A great many issues in this country which begin as inherently moral have become so highly politicized that any discussion surrounding them becomes dry and heavily saturated with platitudes. The food industry is not one such area in which only soundbytes and clichés dominate the conversation. When I first became a vegetarian, and then a vegan, my personal reasons for doing so were largely governed by the abysmal treatment of animals in factory farms, with the health benefits as a close second; however, the arenas of vegetarianism, veganism, and the food industry as a whole are multifaceted and are as much about human rights as animal rights.
According to the University of Windsor’s recent study on the psychological effects on workers in the slaughterhouse profession, profound trauma has emerged in countless individuals whose job it is to kill the animals which we consume. In short, it is not an overstatement to say that the work these men are employed to perform destroys their psyche, sense of inner peace, and overall well-being. In fact, the book Slaughterhouse: The Shocking Story of Greed, Neglect, and Inhumane Treatment Inside the U.S. Meat Industry not only chronicles the plight of billions of animals, but of the workers who suffer through a significant mental and emotional toll.

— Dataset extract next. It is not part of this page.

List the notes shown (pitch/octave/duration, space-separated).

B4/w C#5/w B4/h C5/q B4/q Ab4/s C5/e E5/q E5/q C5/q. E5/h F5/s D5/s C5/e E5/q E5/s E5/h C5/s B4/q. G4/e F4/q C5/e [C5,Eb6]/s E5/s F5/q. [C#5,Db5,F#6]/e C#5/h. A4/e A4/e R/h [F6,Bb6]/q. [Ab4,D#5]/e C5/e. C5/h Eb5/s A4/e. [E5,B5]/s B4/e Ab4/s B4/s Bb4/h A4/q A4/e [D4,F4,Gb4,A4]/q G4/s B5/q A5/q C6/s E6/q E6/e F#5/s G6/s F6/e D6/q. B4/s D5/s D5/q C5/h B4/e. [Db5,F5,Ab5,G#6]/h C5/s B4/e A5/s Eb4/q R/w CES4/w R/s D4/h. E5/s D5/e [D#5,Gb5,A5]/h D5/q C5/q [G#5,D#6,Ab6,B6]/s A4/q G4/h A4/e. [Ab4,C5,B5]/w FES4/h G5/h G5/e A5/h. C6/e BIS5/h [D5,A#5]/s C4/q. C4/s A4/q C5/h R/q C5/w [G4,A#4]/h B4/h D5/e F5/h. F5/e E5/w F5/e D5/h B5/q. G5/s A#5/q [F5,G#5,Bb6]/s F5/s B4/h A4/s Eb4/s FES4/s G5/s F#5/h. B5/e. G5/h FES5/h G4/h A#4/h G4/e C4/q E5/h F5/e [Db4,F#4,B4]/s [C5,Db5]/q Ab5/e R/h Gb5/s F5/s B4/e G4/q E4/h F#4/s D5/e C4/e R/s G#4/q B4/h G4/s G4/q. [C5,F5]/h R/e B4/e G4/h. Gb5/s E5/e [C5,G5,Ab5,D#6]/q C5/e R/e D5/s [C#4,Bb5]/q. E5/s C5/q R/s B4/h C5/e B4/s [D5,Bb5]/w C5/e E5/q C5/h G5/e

The Texas Observer Article “PTSD in the Slaughterhouse” summarizes this phenomenon perfectly. The fact that these workers are required to take life but are forbidden to feel the emotional ramifications of such a task often leads to substance abuse, many forms of anxiety, and domestic violence. Incidentally, the meat packing industry is the only industry to be singled out by Human Rights Watch for broad workers rights abuses – a testament to the fact that much, much more needs to be done to get society to view the food industry more holistically. The desensitization to which these workers are subjected adversely affects their ability to adjust into a society where killing is “bad,” and a general fondness for animals is “good.”
My personal opinion is that the human spirit is not designed to adapt to such brutality. For the very same reasons I believe war is unnatural, for the very same reasons I believe that our inclination for compassion innately overrides our propensity for hostility, I wish to see an end to the barbaric practice of slaughtering animals in such a mechanized and inhumane fashion. So, why am I a vegan? I aim to reject cruelty to sentient beings, both non-human and human. I reject the speciesist approach to food consumption, but also view the issue through a human rights paradigm.